** Opening Extracted data block **
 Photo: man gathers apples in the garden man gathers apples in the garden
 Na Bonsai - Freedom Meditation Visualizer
** Closing Extracted data block **
** Opening Extracted data block **
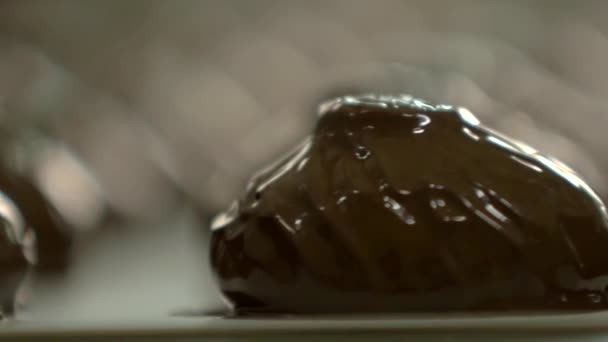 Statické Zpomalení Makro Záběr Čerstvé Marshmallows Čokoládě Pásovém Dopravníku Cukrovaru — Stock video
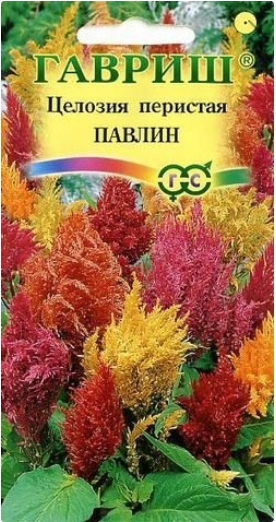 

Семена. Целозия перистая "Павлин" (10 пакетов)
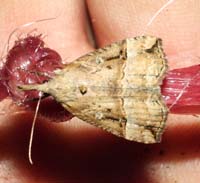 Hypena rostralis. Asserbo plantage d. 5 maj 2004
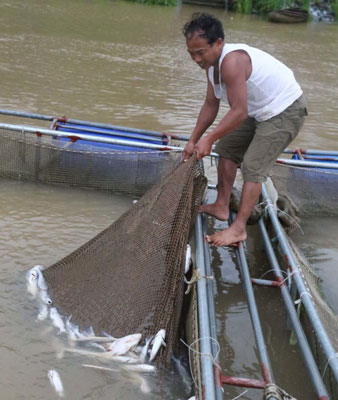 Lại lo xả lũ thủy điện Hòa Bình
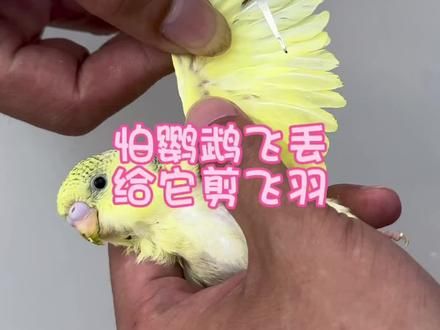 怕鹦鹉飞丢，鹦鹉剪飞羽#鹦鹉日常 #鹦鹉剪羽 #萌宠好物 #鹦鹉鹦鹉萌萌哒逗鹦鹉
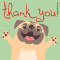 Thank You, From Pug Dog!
** Closing Extracted data block **
** Opening Extracted data block **
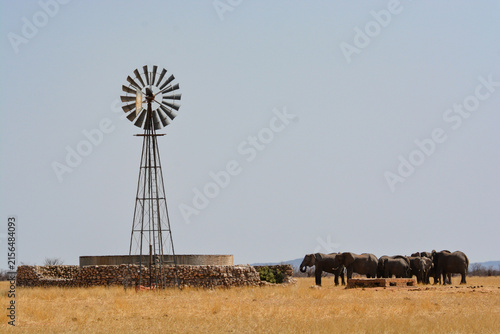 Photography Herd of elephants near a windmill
** Closing Extracted data block **
> [Directions for this task]:
Only one stretch of the entries above is needed: the lines from the one containing "Семена. Целозия перистая" through the one containing "Thank You, From Pug Dog!". Copy it exactly, without the pictures.

> [Task result]:
Семена. Целозия перистая "Павлин" (10 пакетов)
 Hypena rostralis. Asserbo plantage d. 5 maj 2004
 Lại lo xả lũ thủy điện Hòa Bình
 怕鹦鹉飞丢，鹦鹉剪飞羽#鹦鹉日常 #鹦鹉剪羽 #萌宠好物 #鹦鹉鹦鹉萌萌哒逗鹦鹉
 Thank You, From Pug Dog!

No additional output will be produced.